**REQUIRED WORK**: Below are entries; copy exactly the lines from the one with "2060 20th Street Florence OR 97439" through the one with "1004 Shady Hollow Ct Property Photo 1", both included, and leave out the rest.

==== TASK INPUTS ====

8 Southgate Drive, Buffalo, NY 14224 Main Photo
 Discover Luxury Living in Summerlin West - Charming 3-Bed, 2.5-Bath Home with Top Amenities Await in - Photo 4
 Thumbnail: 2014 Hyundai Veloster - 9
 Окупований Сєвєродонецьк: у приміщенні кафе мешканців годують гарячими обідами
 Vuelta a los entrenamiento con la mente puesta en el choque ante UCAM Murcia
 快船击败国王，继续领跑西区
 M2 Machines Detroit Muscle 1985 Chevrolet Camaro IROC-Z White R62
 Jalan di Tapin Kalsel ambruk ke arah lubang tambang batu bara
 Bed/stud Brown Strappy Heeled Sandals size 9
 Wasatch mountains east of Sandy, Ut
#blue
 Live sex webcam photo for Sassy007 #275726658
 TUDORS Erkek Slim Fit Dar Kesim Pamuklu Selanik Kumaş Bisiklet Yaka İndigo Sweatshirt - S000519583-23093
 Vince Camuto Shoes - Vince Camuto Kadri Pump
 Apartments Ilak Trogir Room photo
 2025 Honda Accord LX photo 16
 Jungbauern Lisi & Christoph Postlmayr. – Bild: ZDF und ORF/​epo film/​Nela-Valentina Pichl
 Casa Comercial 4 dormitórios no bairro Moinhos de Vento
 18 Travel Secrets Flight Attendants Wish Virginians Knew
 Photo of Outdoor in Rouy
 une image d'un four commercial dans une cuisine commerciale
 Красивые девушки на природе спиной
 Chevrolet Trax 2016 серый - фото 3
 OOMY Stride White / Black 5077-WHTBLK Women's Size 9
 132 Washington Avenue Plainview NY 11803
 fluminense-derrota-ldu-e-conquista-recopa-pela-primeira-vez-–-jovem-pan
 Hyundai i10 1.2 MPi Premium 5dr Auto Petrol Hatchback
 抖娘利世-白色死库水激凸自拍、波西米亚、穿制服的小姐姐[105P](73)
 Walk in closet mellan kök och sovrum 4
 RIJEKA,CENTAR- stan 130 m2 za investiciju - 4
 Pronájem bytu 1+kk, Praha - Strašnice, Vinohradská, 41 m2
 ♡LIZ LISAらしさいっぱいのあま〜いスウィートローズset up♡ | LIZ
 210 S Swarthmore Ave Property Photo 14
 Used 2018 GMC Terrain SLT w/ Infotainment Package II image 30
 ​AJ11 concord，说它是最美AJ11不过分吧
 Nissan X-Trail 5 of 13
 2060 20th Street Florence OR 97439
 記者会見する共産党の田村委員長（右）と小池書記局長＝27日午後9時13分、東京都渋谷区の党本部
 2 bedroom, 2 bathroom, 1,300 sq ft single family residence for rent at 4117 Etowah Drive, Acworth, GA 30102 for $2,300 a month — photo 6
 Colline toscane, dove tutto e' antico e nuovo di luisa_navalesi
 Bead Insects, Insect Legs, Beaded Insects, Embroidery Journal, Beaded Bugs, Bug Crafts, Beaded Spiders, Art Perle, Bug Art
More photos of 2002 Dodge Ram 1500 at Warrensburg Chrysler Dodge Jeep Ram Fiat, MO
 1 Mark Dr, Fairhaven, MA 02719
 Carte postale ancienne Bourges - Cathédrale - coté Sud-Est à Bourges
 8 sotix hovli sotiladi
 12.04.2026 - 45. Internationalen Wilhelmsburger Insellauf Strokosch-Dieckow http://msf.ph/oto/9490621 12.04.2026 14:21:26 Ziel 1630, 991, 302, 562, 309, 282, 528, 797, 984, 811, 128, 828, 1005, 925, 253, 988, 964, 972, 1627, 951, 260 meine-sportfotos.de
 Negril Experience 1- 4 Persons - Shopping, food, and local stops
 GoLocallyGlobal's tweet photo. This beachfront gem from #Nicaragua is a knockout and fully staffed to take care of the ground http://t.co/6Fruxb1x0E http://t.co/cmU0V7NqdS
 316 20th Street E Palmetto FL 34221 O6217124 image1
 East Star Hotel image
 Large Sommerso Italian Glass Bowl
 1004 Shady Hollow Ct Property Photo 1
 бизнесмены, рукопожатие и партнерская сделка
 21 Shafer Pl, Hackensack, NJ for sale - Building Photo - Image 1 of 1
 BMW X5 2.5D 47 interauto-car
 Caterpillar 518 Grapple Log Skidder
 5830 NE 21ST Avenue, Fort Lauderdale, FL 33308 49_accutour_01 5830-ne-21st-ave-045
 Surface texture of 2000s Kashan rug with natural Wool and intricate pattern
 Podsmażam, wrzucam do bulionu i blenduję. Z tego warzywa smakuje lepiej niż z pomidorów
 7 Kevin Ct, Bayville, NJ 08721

====

**ANSWER**:
 2060 20th Street Florence OR 97439
 記者会見する共産党の田村委員長（右）と小池書記局長＝27日午後9時13分、東京都渋谷区の党本部
 2 bedroom, 2 bathroom, 1,300 sq ft single family residence for rent at 4117 Etowah Drive, Acworth, GA 30102 for $2,300 a month — photo 6
 Colline toscane, dove tutto e' antico e nuovo di luisa_navalesi
 Bead Insects, Insect Legs, Beaded Insects, Embroidery Journal, Beaded Bugs, Bug Crafts, Beaded Spiders, Art Perle, Bug Art
More photos of 2002 Dodge Ram 1500 at Warrensburg Chrysler Dodge Jeep Ram Fiat, MO
 1 Mark Dr, Fairhaven, MA 02719
 Carte postale ancienne Bourges - Cathédrale - coté Sud-Est à Bourges
 8 sotix hovli sotiladi
 12.04.2026 - 45. Internationalen Wilhelmsburger Insellauf Strokosch-Dieckow http://msf.ph/oto/9490621 12.04.2026 14:21:26 Ziel 1630, 991, 302, 562, 309, 282, 528, 797, 984, 811, 128, 828, 1005, 925, 253, 988, 964, 972, 1627, 951, 260 meine-sportfotos.de
 Negril Experience 1- 4 Persons - Shopping, food, and local stops
 GoLocallyGlobal's tweet photo. This beachfront gem from #Nicaragua is a knockout and fully staffed to take care of the ground http://t.co/6Fruxb1x0E http://t.co/cmU0V7NqdS
 316 20th Street E Palmetto FL 34221 O6217124 image1
 East Star Hotel image
 Large Sommerso Italian Glass Bowl
 1004 Shady Hollow Ct Property Photo 1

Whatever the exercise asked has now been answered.